Mr. WOLOSKY. It is not my view, Senator. It is my sense of what the Saudi position on Hamas is. I firmly believe that Hamas is a terrorist organization.

I also think that there is a misconception. David Aufhauser has used the word sophistry in understanding what Hamas is. The sophistry lies in the fact that it is true that Hamas provides social services in Palestinian territories. However, it is also a terrorist organization that kills innocent people. A vast majority of its funds have come from Saudi Arabia in recent years. Only relatively recently has that begun to change at the official level, although private Saudi contributions to Hamas must continue to be strictly monitored.

Our report recommends, in fact it goes very far on this issue, and it recommends that as a mandatory matter of international law, the United Nations Security Council pass a resolution that specifically designates Hamas as a terrorist organization and obligates all member states to close down Hamas organizations and fronts.

Senator SPECTER. Mr. Aufhauser, let me ask you a different question, and that is what more could the Administration do in a very active way to motivate the Saudis or compel the Saudis or sanction the Saudis into doing a better job on fighting terrorism?
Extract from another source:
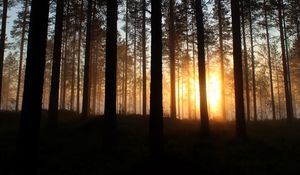 Preview wallpaper dawn, trees, forest, rays, sun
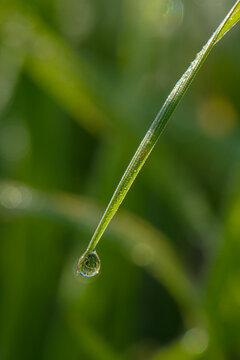 Dew drops resting on blades of grass or other vegetation have been captured using extreme close-up (macro) photography. Water droplets on the plants in the morning light.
Mr. AUFHAUSER. Well, they have come a long way, as you know from testimony I have given before committees that you have sat on, as outlined by Lee and Mallory and the Council. Some extraordinary systemic changes. But what is missing is a sense of personal accountability and follow-through.
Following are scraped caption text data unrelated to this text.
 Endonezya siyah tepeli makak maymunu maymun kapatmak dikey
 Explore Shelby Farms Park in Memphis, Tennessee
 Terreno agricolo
Also, on the broader scale, and I think far more important to us, far more important to us than personal accountability of one or two bad actors, is to stop the funding of the teaching of hate. And I think there should be a concerted Administration policy and campaign.
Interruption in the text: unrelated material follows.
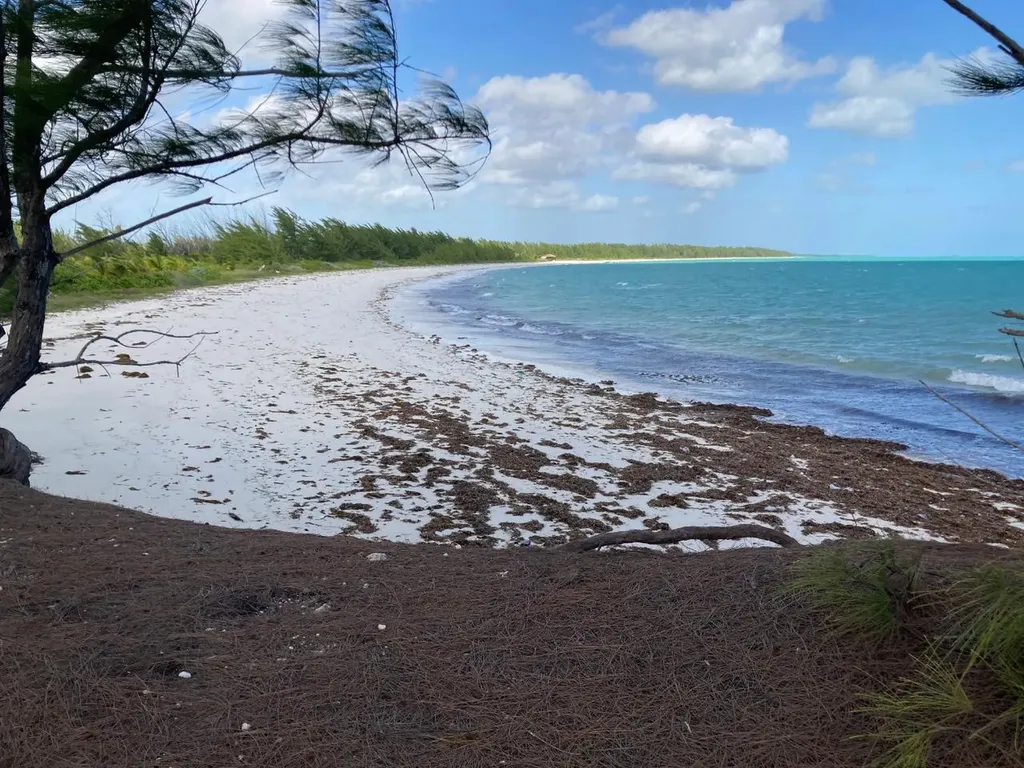 Rahming Road Andros BS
Senator SPECTER. Mr. Factor, thank you for the statement in your opening statement about the Saudi Arabia Accountability Act, which was cosponsored by the Chairman, and I am the principal sponsor, to provide a good starting point for focusing on terrorist financing certification regime.

Mr. Aufhauser, the Administration at first opposed the Syrian Accountability Act and then moved from opposed to neutral. And I think finally ended up perhaps inferentially supportive, although the formal neutral position was never changed.

What do you think the prospects are for the Administration to move to neutral or to support the Saudi Arabia Accountability Act? Or somewhere in between.

Mr. AUFHAUSER. I would just be guessing. Senator, but there is an institutional prejudice, understandable and I think to be lauded, at the Treasury Department to only have economic sanctions programs that are really quite enforceable and with real-world impact. And so they are studied about whether or not what has been proposed can be pursued and whether it can be effective.

Can I just say one thing about Hamas?

Senator SPECTER. Sure.

Mr. AUFHAUSER. It is reprehensible that they are not treated as a terrorist organization by the Saudis, I agree, but some historical perspective helps. For 6 years we have urged our European counterparts to join us in naming Hamas as a terrorist organization. And it was only September of last year that they finally joined us as another school bus was blown up in Jerusalem.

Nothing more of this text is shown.